THE DATA:
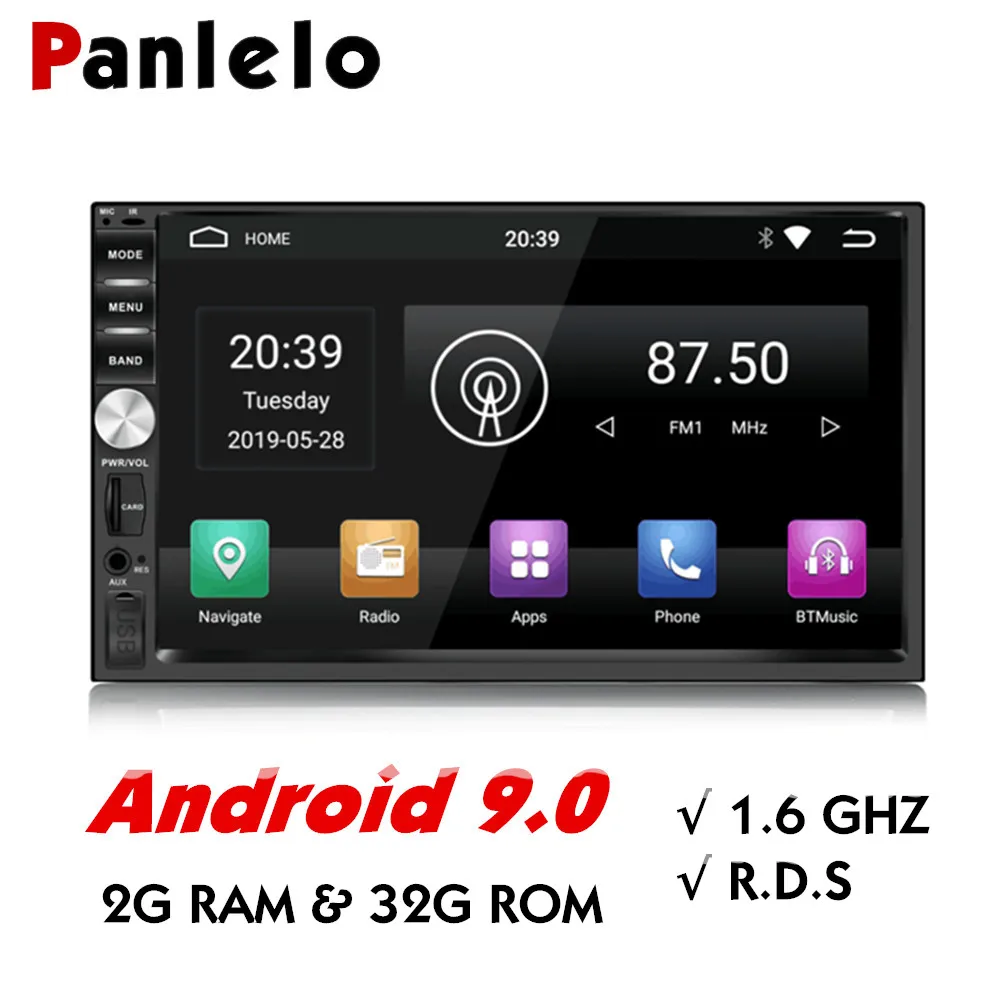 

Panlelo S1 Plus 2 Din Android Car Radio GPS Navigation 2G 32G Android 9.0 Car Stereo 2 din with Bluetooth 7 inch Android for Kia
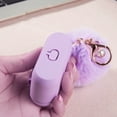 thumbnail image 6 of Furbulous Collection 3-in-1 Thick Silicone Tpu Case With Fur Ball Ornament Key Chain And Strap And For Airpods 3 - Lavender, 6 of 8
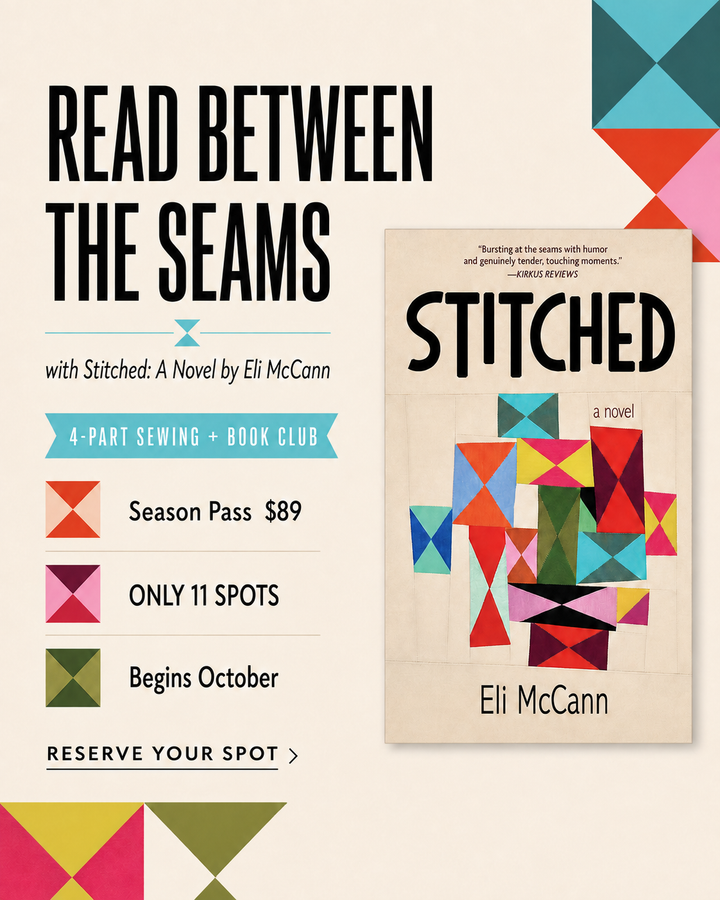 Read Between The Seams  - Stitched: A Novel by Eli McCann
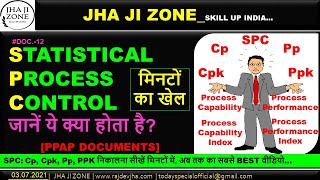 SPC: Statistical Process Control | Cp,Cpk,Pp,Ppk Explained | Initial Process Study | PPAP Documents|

WHAT YOU ARE ASKED TO DO:
Given the listing above, repeat exactly the lines starting at the one with "thumbnail image 6" and ending at the one with "Read Between The", inclusive, excluding pictures.

ANSWER SPACE:
 thumbnail image 6 of Furbulous Collection 3-in-1 Thick Silicone Tpu Case With Fur Ball Ornament Key Chain And Strap And For Airpods 3 - Lavender, 6 of 8
 Read Between The Seams  - Stitched: A Novel by Eli McCann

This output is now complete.